Critical system worker must catch all exceptions ( Throwable and derived classes) in high-level try-catch block and take into account that thread could be terminated due to an programmatic mistake that leads to unintentional worker termination. So basic template should looks like the following code snippet:

 

@Override
public void run() {
    Throwable err = null;

	try {
      // Critical worker's code.
    }
    catch(Throwable e) {
      err = e;
    }
    finally {
      // Call failure handler.
      FailureContext failureCtx = new FaulureCtx(FailureType.SYSTEM_WORKER_TERMINATION, err);

      ctx.failure().process(failureCtx);  // Handle failure. Where ctx - kernal context.
    }
}

 

Example of using FailureHandler in IgniteConfiguration via Spring XML:

 

<bean class="org.apache.ignite.configuration.IgniteConfiguration">
    <property name="failureHandler">
        <bean class="org.apache.ignite.failure.StopNodeFailureHandler"/>
    </property>
</bean>

 

Risks and Assumptions

 

Discussion Links

  1. Internal problems requiring graceful node shutdown, reboot, etc.
  2. IEP-14: Ignite failures handling (Discussion)

Reference Links

  1. Apache Ignite documentation: Ignite life cycle
  2. Apache Ignite documentation: Start from command line

Tickets

key summary type created updated due assignee reporter priority status resolution

JQL and issue key arguments for this macro require at least one Jira application link to be configured

  • No labels

5 Comments

  1. Andrey Gura Alexey Goncharuk

    1. we should think of setting default exception handler for internal threads
    2. how about self killing if local node blocks partition map exchange
    3. how about forcibly killing remote node if coordinator detects that it blocks PME
    1. If we could unblock a frozen PME process, this would be AWESOME!

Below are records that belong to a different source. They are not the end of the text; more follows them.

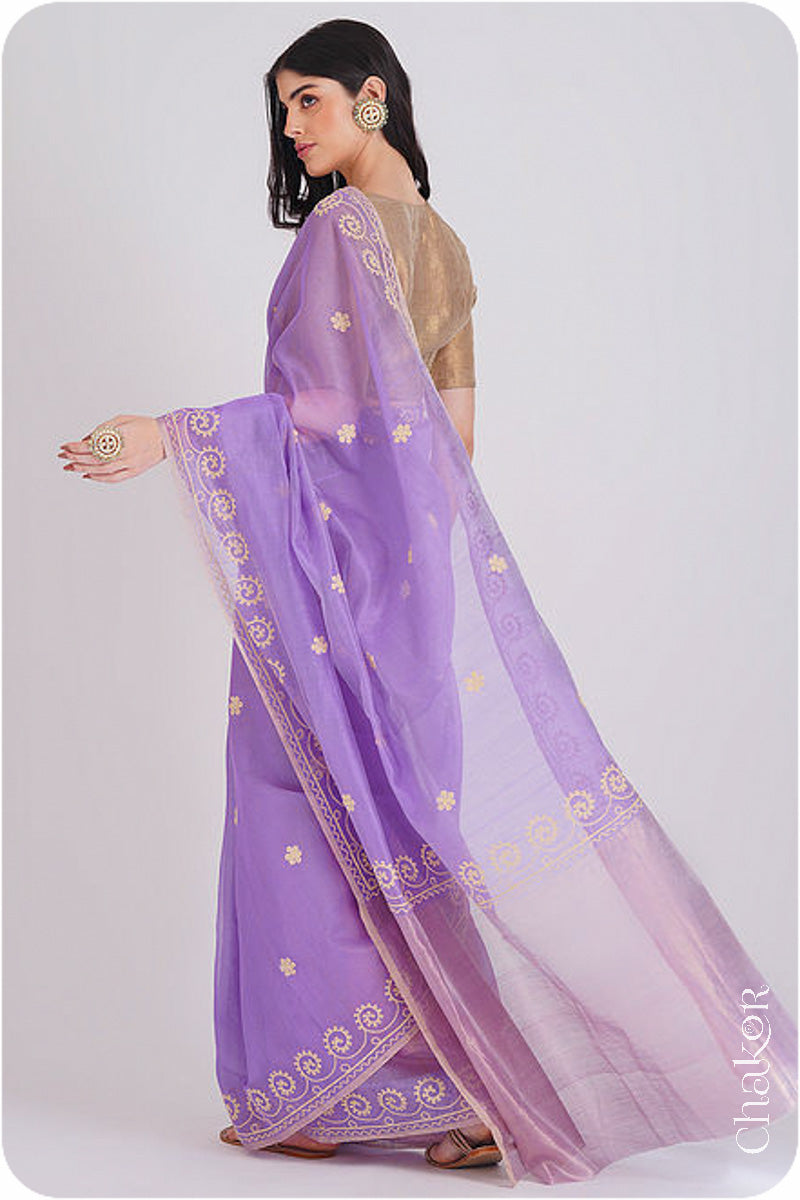 Lavender Chanderi Silk Cotton Saree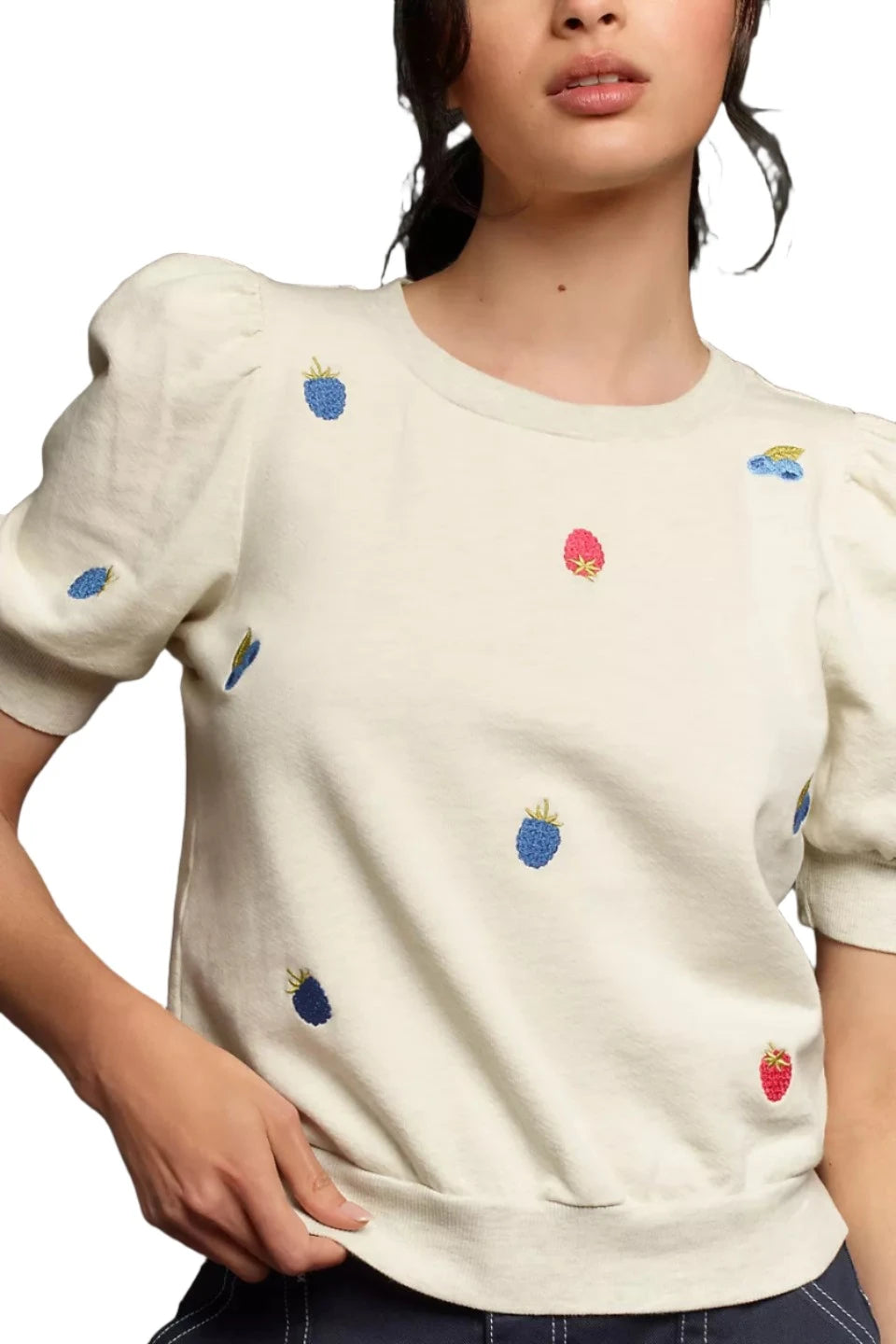 Price Reduction TLA Puff Sleeves Tee Shirt French Terry Beige with Berries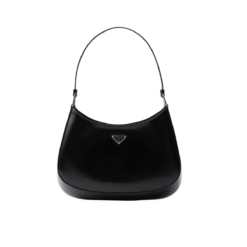 Cleo Shoulder Borsa Made of Brushed Leather With a Stick Nero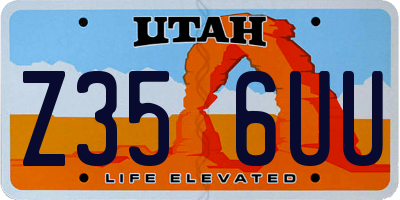 UT license plate Z356UU
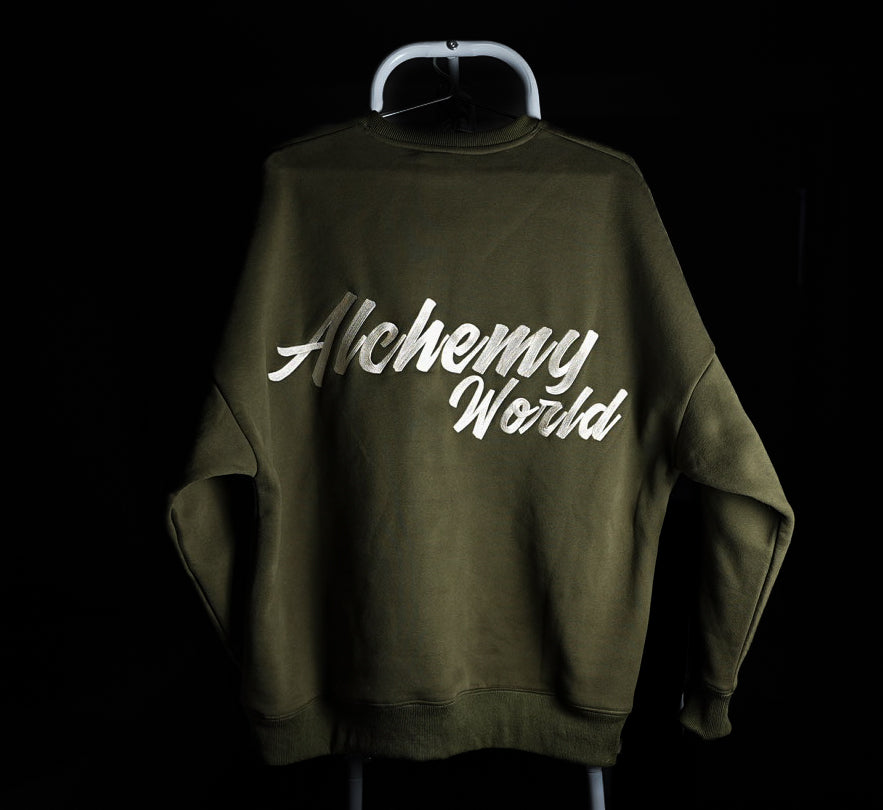 CLASSIC EMBROIDERED CREWNECK MILITARY GREEN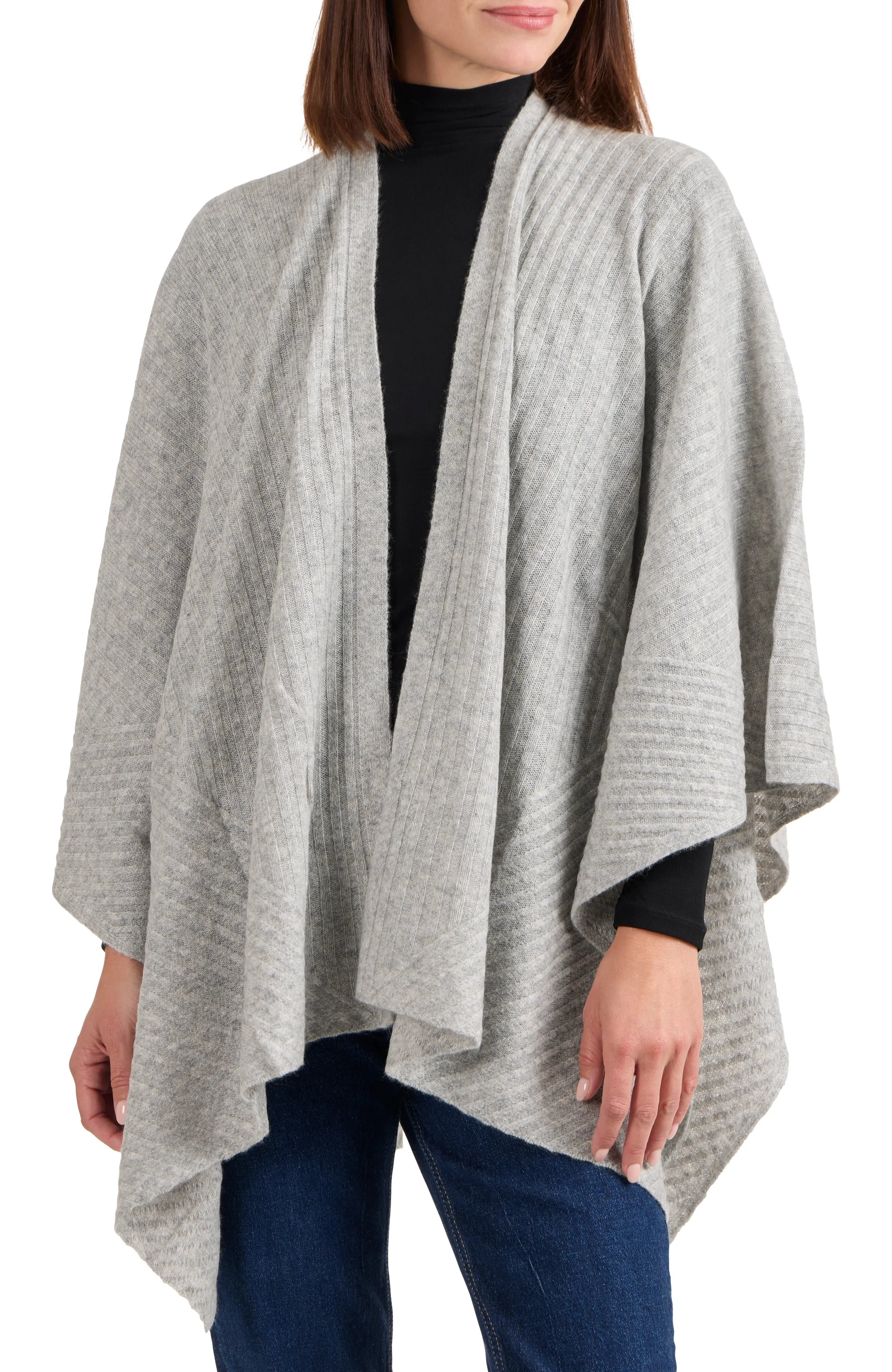 RIBBED CASHMERE CAPE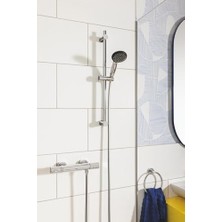 Gndz Store Start 100 Sürgülü Duş Seti, 600 mm Sürgülü Ray, 100 mm El Duşu 1 Akışlı, 1750MM Duş Hortumu, Düşmeye Dayanıklı, Su Tasarruflu, Kireç Önleyici Sistem, Duş Başlığı, Krom, 27942000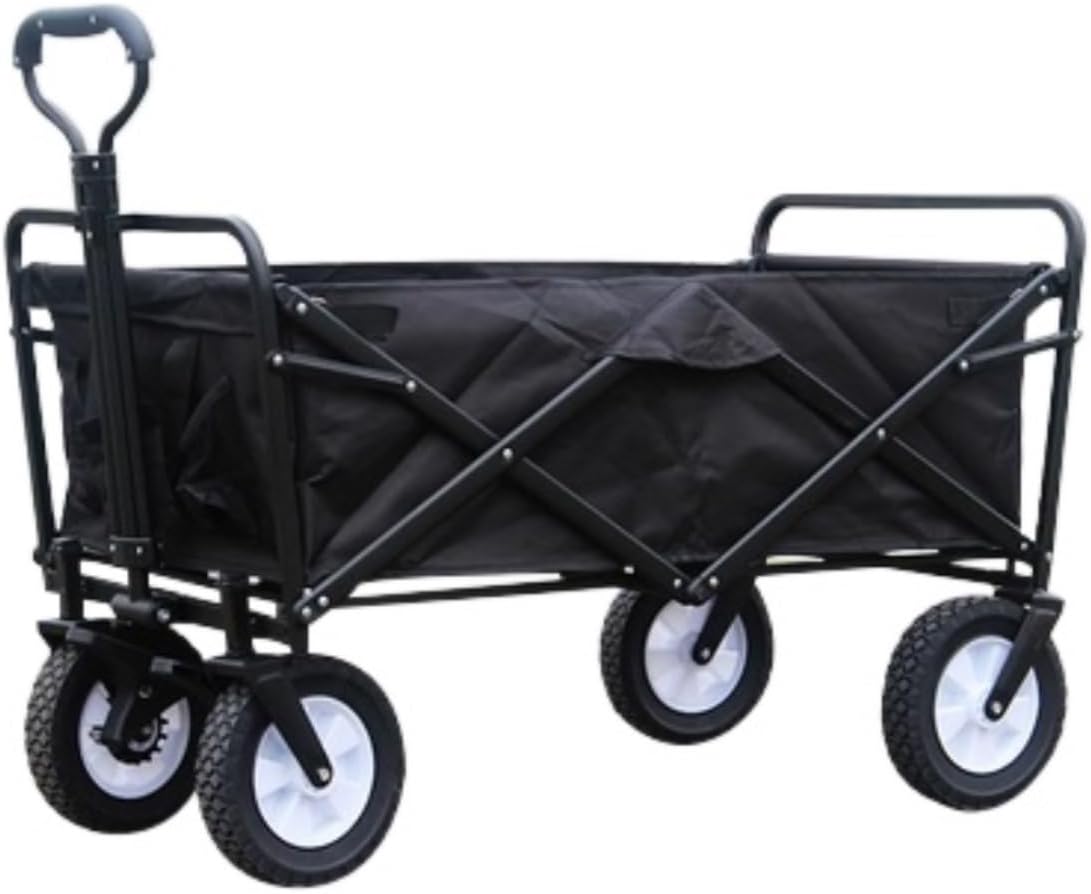 Outdoor Folding Utility Wagon Cart with Wide All Terrain Wheels for Camping Beach Sports and Shopping Portable and Convenient Foldable Trolley Cart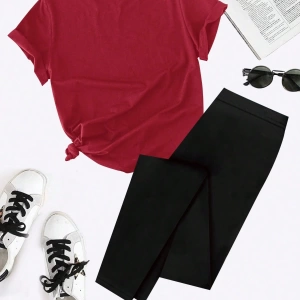 Kadın 2Lİ TAKIM OVERSİZE Trend T-shirt Şort Model 5121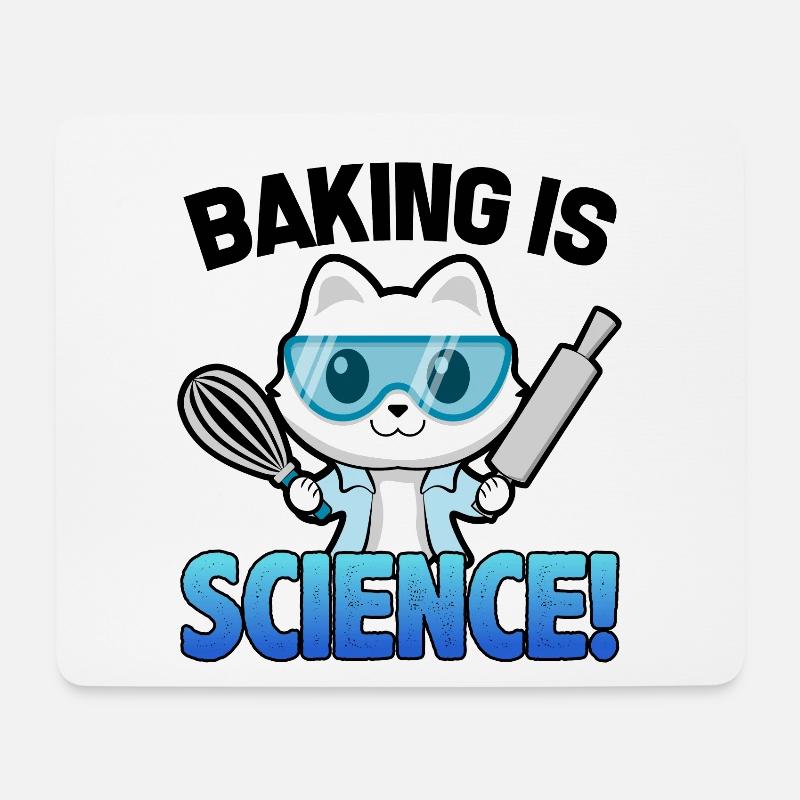 Lustiges Wissenschaftler Kätzchen Bäcker Geschenk - Mousepad (Querformat) - Weiß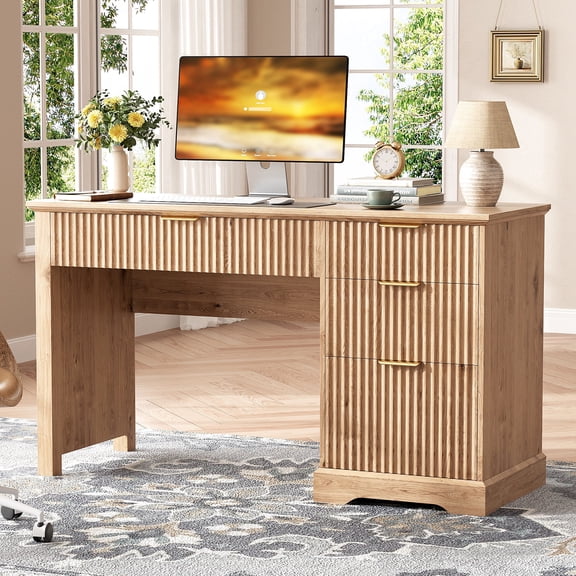 Conate Fluted Executive Desk with Drawers, Oak Home Office Computer Desk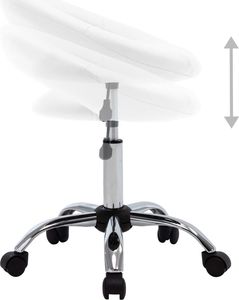 vidaXL Obrotowe krzesło stołowe, białe, obite sztuczną skórą 5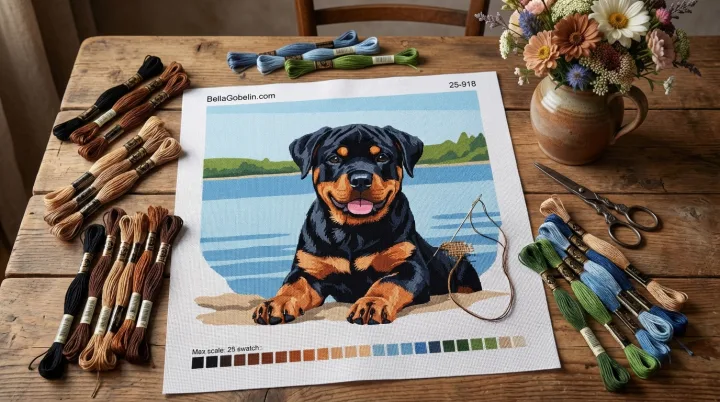 Gabháil pórtráid madra - Páiste Rottweiler ag an bhfaoi teicneolaíocht needlepoint ag an bhfarraige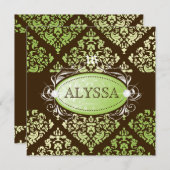 311-Luxuriös Limone Braun Damask Sweet 16 Einladung (Vorne/Hinten)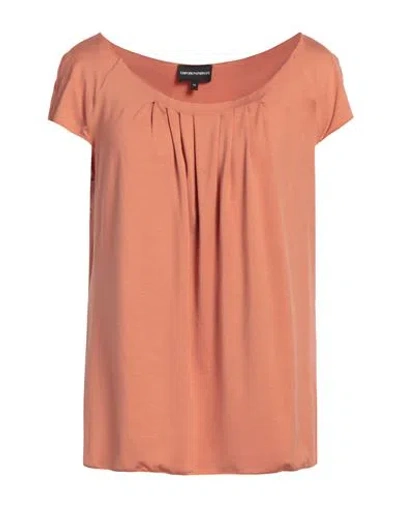 Emporio Armani Woman T-shirt Rust Size 16 Viscose, Elastane In Red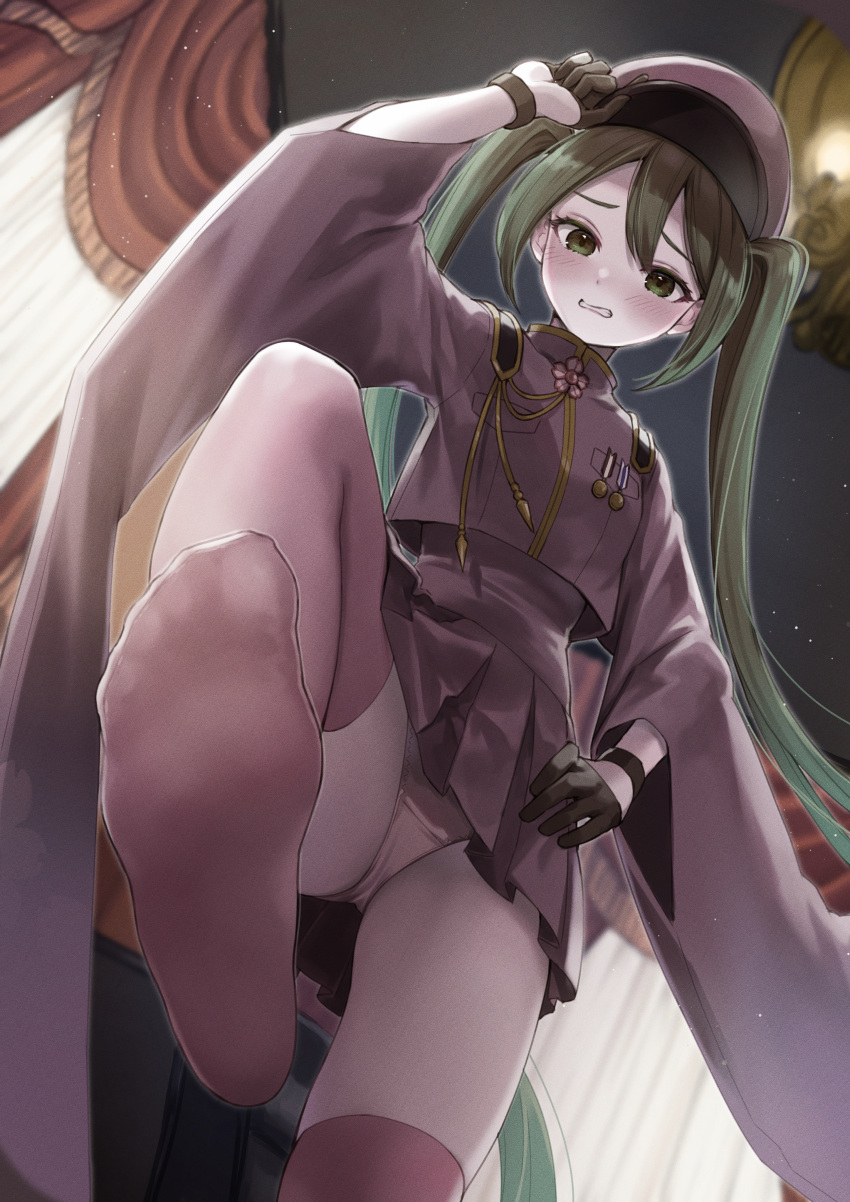 1girl absurdres arm_up black_gloves blush clenched_teeth commission curtains dutch_angle eyelashes feet foot_focus foot_out_of_frame foreshortening gloves gold_trim green_hair hair_between_eyes hat hatsune_miku highres indoors japanese_clothes long_hair looking_at_viewer military_uniform no_shoes panties pantyhose parted_bangs parted_lips peaked_cap pink_panties pleated_skirt purple_headwear purple_pantyhose purple_skirt purple_thighhighs sahara1127 senbon-zakura_(vocaloid) skeb_commission skirt soles solo standing standing_on_one_leg teeth thighhighs thighs toes twintails underwear uniform vocaloid wide_sleeves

    2. UncaughtExceptionHandler is good solution but it doesn't take into account mistakes that can lead to unintentional thread termination. I think we will use default handlers in the future when we add ability to monitor critical workers and will be able detect worker termination outside.

  2. I would like to propose the following recovery scenarios:

    • stop+kill (default) - this mode will attempt to gracefully stop a frozen node and then, after a certain timeout, kill the process.
    • stop - this mode will attempt to gracefully stop a frozen node without trying to kill the process
    • kill - this mode will attempt to kill the running process without trying to gracefully stop the node.
    • none - do nothing

    Also note that ignite.sh maybe started in auto-restart mode, so the nodes may be automatically restarted after stopped or killed.

     

    1. Dmitriy Setrakyan, I believe that suggested failure handler implementations cover all scenarios. One important thing here that autorestart should use System.exit with specific exit code while process kill should use Runtime.halt call.